These lectures were written and delivered in 1909, a time marked by significant intellectual shifts and challenges to traditional religious beliefs. Darwinism had already revolutionized the understanding of the natural world, leading many to question the argument from design. Emerging psychological studies were offering new explanations for religious experiences, raising questions about the validity of traditional claims to revelation. In this context, Rashdall’s work aims to provide a reasoned defense of Theism that takes seriously the insights of modern science and philosophy while upholding the core truths of Christianity.

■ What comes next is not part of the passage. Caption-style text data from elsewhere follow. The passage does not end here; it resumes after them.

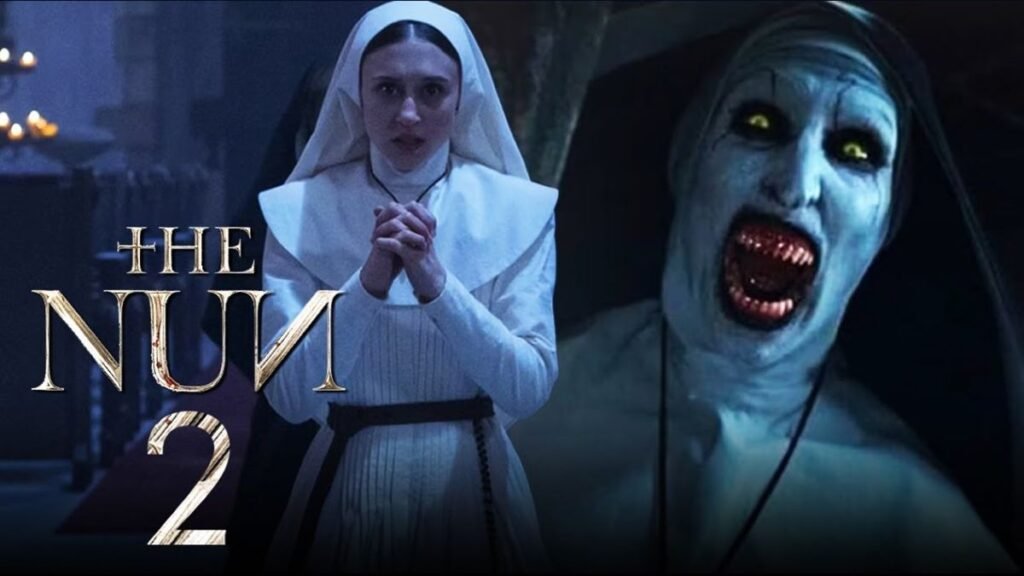 Download The NUN II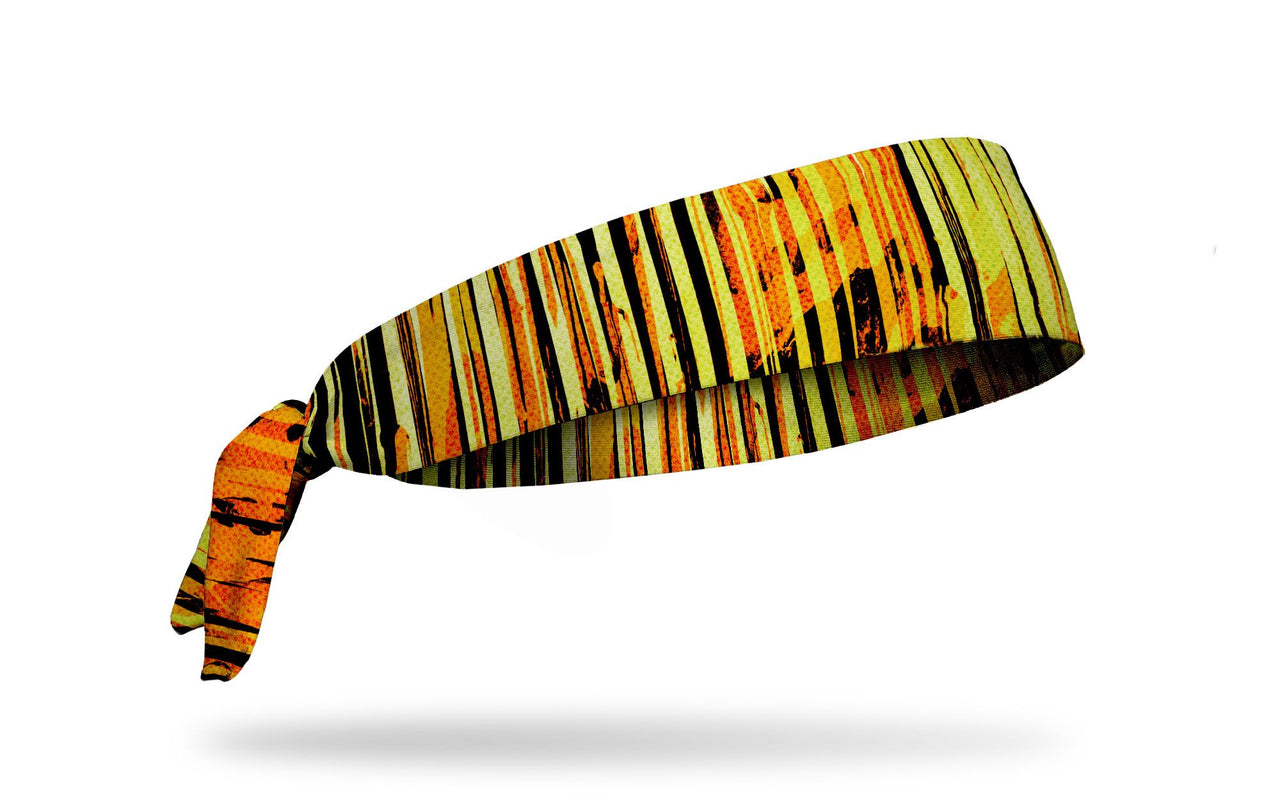 Firestorm Headband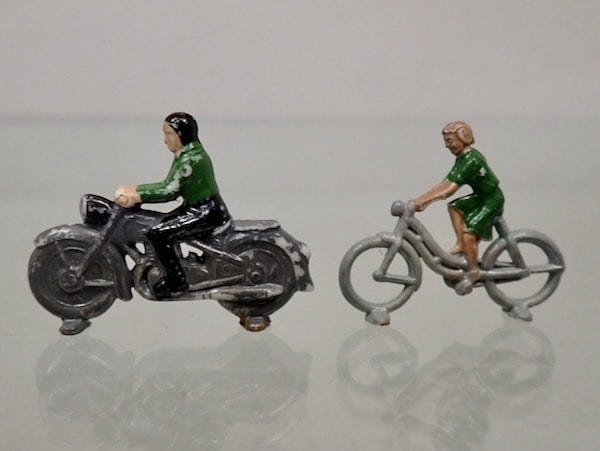 SIKU �Х����ܼ�ž�֥��å� 1/60 ������� �ץ饹���å���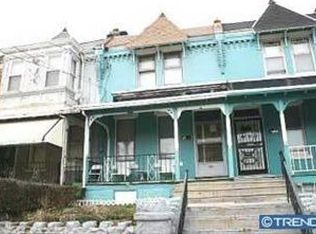 2125 Bellevue St, Philadelphia, PA 19140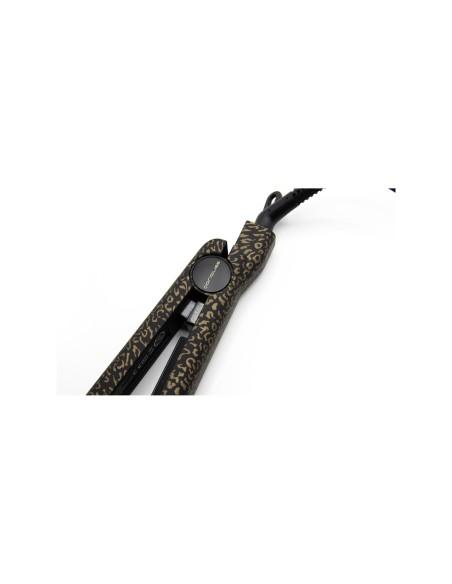 Plancha C-Style Gold Leopard Soft Touch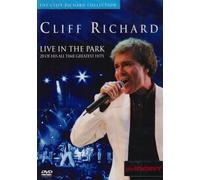 Richard Cliff - Live In The Park [Italia] [DVD]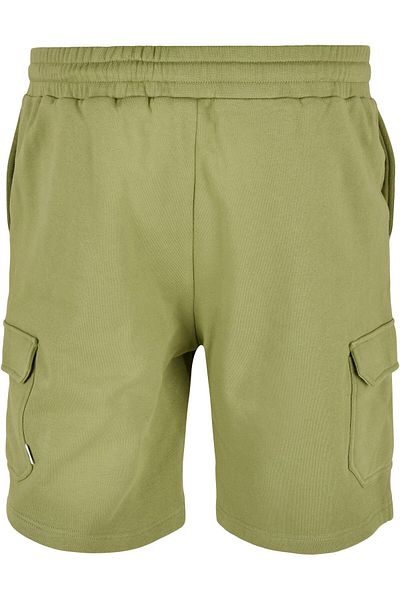Urban Classics Herren Cargo Sweatshorts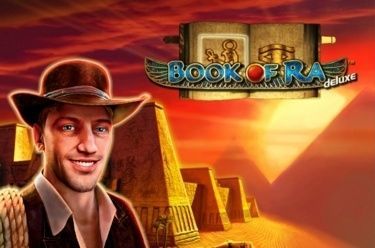 Book of Ra Slot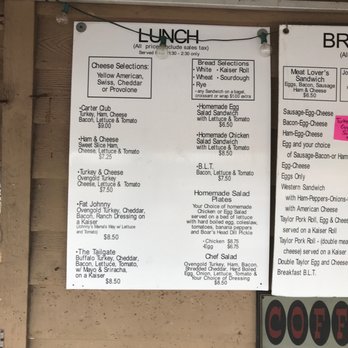 Johnny's Hot Dogs - Lunch menu - Hot Dogs Near Me - Mount Pleasant, South Carolina Johnny's Hot Dogs - Lunch menu - Hot Dogs Near Me - Mount Pleasant, South Carolina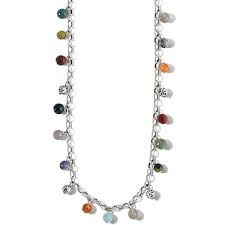 Contempo Desert Sky necklace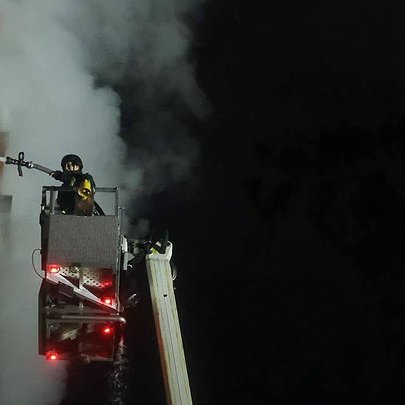 Обстріл Києва та Київщини 22 жовтня: є загиблі та постраждалі (оновлено) - 412x412
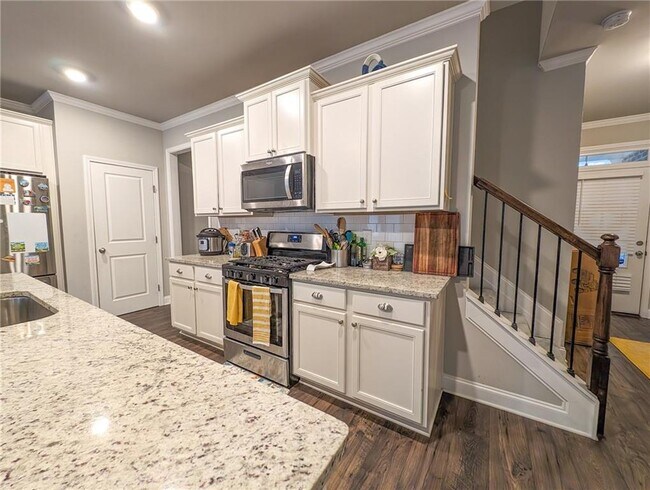 Building Photo - 2264 Morgan Pl Dr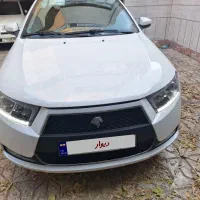 دنا پلاس ۶ دنده رینگ دار فول مدل ۴۰۴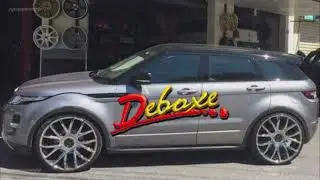 Evoque Prata - Eletrofunk Deboxe     (Dj Sadrak)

  1. Matter has no existence apart from a mind that knows it. This is based on the premise that all qualities of matter, both primary and secondary, are ultimately dependent on a perceiving mind.
  2. The physical world exhibits purpose and design. This is evident in the complex structures and processes of organic life, as argued by thinkers like von Hartmann, R. B. Haldane, and John Haldane.
  3. Our moral judgments are as valid as mathematical axioms. Both types of judgements are the work of Reason and represent self-evident truths.
  4. The concept of good is an ultimate category of thought. It is not reducible to mere feeling and has a meaning intelligible to the developed human consciousness.
  5. Moral insight varies among individuals. Just as mathematical ability varies, so does the capacity for discerning moral values.
  6. The moral law is objective. It expresses what ought to be, independent of personal likings or social approval.
  7. The objectivity of the moral law implies the existence of God. The moral law, as an ‘ought’, can only exist in and for a mind, and that mind must be God, the source of all reality.
  8. Religious belief is not opposed to duty for duty’s sake. On the contrary, it provides a rational basis for the authority of the moral law.
  9. Religious Morality is practically and emotionally valuable. It enhances reverence for the moral law and helps individuals resist temptations to follow a debased public opinion.
  10. The world as we see it cannot be the ultimate expression of a rational and moral Being. This points to the need for a future life as a continuation of the moral order.
  11. Immortality gives meaning to life and enhances the value of character. It provides hope even when life seems meaningless and reaffirms the enduring significance of moral choices.
  12. Pain and sin are evils, but they can be means to a greater good. This is the only way to reconcile their existence with the belief in a perfectly righteous God.
  13. God’s power is limited by logical necessities inherent in His own nature. This does not imply limitations imposed from outside Him, but rather constraints arising from His own essential rationality and goodness.
  14. The world must contain more good than evil for it to be willed by a rational God. This follows from the premise that a rational being does not will evil except as a means to a greater good.
  15. Time is objective but presents philosophical difficulties. We cannot think of time as merely subjective, but the idea of an endless succession or a beginning and end of the time-series creates seemingly irresolvable contradictions.
  16. The close connection between soul and body suggests that souls are not eternally pre-existent. This points to their creation by the same divine Will that governs the physical world.
  17. The unity of the Universe is not that of a single Consciousness. While all things are dependent on God, human minds are not literally parts of the divine mind, but rather distinct consciousnesses.
  18. There is no immediate or intuitive knowledge of God. Our knowledge of God is based on inference, just like our knowledge of other people.
  19. Religion cannot be based solely on Psychology. While religious experiences are real, their truth depends on the validity of the underlying beliefs, which requires philosophical examination.
  20. All truth, especially moral and spiritual truth, can be seen as revealed. This view recognizes degrees of revelation, culminating in individuals who possess exceptional moral and spiritual insight.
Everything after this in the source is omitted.